The Continental Army of 1776 did not have a chief of staff, one officer charged with making the commander’s requests known. In Washington’s army, one of the major generals was given the assignment each day as “Major General of the Day.”This officer took on many of the Commander-in-Chief’s routine duties, which allowed General Washington to take care of the many other pressing responsibilities that came to his attention.
The appointee would review troops, meet with Brigadiers, check on supplies and requisitions, attend hospitals, look to sanitary conditions, overview disciplinary measures, and, when necessary, observe disciplinary measures carried out. In essence, he became the General Washington persona when viewing the troops and interacting with them. During an engagement, he was the eyes and ears of the Supreme Commander by traveling to and assessing lines and entrenchments, studying terrain and enemy placements, and spotting munitions and battery placements.

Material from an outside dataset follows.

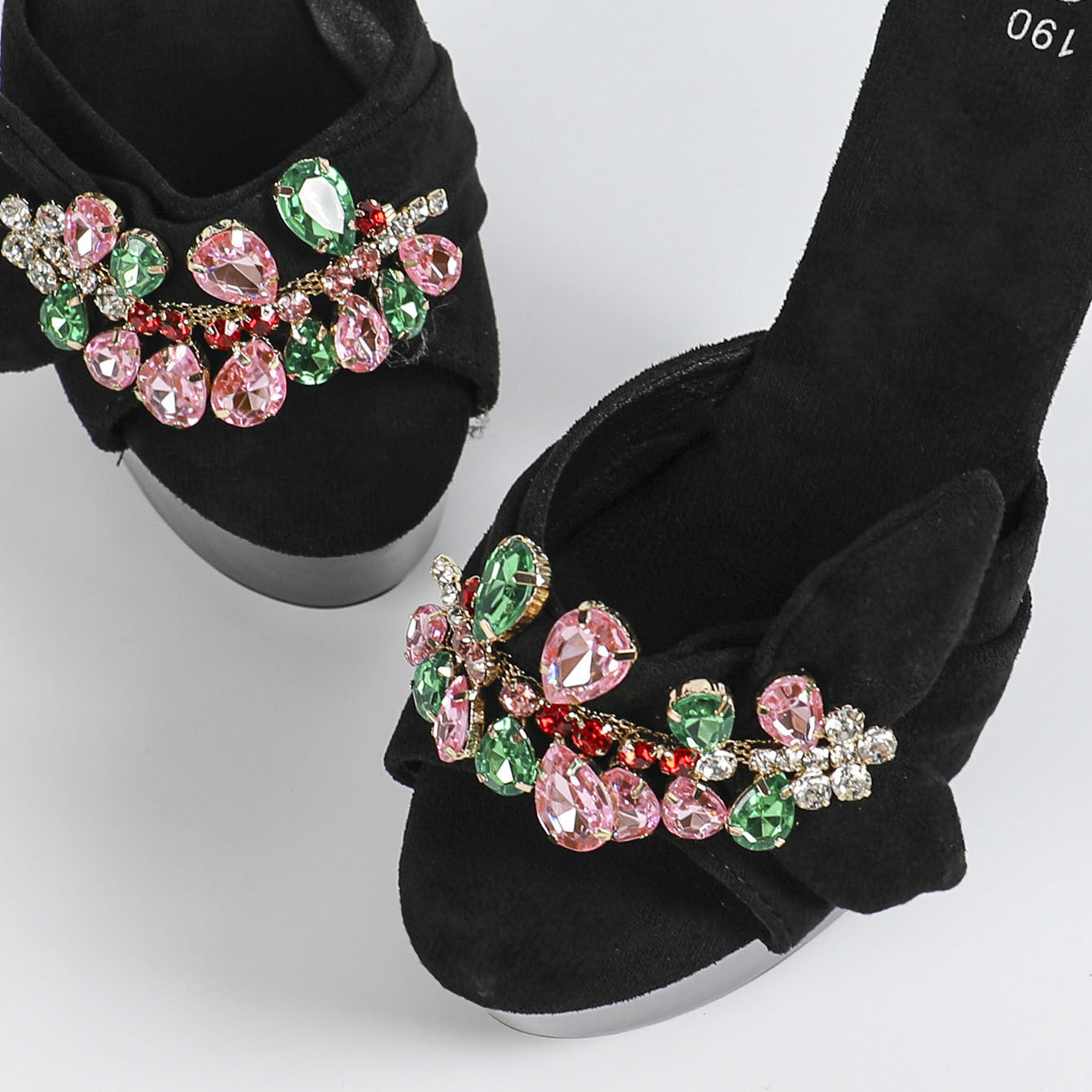 [Wangfa Stock] Rhinestone Catwalk Artifact Model High Heels Stiletto Sexy Waterproof Platform 5.91inch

On a slightly smaller scale, when the Major General was assigned a position that directly confronted an enemy, he was given a ‘General of the Day,’ shared by his Brigadier Generals. That officer carried out many of the Major General’s routine duties while attending to the enemy’s displacements. For example, on August 27th, 1776, the day the British began their offensive on Long Island, it was General Parsons’ turn to be the designated General of the Day. Upon British General Grant’s first shots at 3 AM, he was roused from bed behind the Brooklyn defenses and raced with only his fugitive guards to Gowanus Heights. Not only did he see and report what was occurring, he held off Grant’s advance with only twenty fugitive guards until Lord Stirling’s brigade came to his assistance.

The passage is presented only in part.